# Other > Off Topic >  Important issues to consider when it comes to manufacturing.

## RobH2

In this "let's all hurry up and get rich" world we live in we need to keep in mind that there are things that are bigger than ourselves. We all want the cheapest and fastest of everything. But there is a cost to that. If you have Netflix see if you can find: ‘Death by China’ /2012. It's an interesting Documentary and independent of your personal take on it, it raises a lot of questions we all should be contemplating and asking as budding makers and manufacturers. Maybe those of us who use manufacturing need to make just a little bit less profit and help to insure that we leave an intact United States for our great-grandchildren. 

Ok, so my post has a point. With the further explosion of 3d printing, I think a lot of work that might otherwise have been sent overseas to be manufactured, will stay home. I think that might be a good thing. 

If the link fails just go look for it. 

Death by China

----------


## Matthew

Hi, do you think that 3D printing can notably influence at the US economy?

----------


## Pldruart

I think one of the biggest areas that 3d printing will change world economies is by drastically reducing the amount of time and energy we spend shipping things around. Even things that are manufactured in the US are often shipped back and forth from manufacturer to distributor to retailer. All of that requires fuel and man hours. If we can shift to a consumer model where people print what they need at home or locally, the only thing they would need to buy is the actual raw material to print with, which could also be very easy to source locally. In the long term I see 3d printing making the vast majority of the shipping, storage and delivery industries obsolete.

----------


## RobH2

I like that philosophy but there are only so many things that the average consume can print at home. Once you've made your iPhone case, a pencil holder, a few tree ornaments, there comes a point that the 3d printer is not used for long periods. Any item or object that has parts, springs, batteries, etc., will always be beyond grandma's ability to make on her own. Unfortunately, I don't think, as noble as it sounds, that shipping, storage and delivery will ever feel even the slightest dent from 3d printers on the market. 
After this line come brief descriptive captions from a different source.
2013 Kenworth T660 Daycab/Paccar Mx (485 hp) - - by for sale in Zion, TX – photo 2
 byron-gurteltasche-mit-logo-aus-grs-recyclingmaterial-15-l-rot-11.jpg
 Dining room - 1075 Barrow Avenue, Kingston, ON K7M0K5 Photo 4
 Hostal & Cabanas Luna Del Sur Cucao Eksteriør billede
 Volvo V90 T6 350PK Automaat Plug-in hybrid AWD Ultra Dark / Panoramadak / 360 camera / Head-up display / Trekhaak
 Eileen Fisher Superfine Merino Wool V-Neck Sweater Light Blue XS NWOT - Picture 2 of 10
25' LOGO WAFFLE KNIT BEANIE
What most people don't realize is that 3d printing is just another manufacturing tool for the tool box. It won't replace most manufacturing as it currently exists. It will replace manufacturing in areas where it excels or enables things that can't be printed in any other way. But it will never eliminate the need for us to go to Walmart.

----------


## bint

A lot of good points here worth reading,thanks for sharing.

----------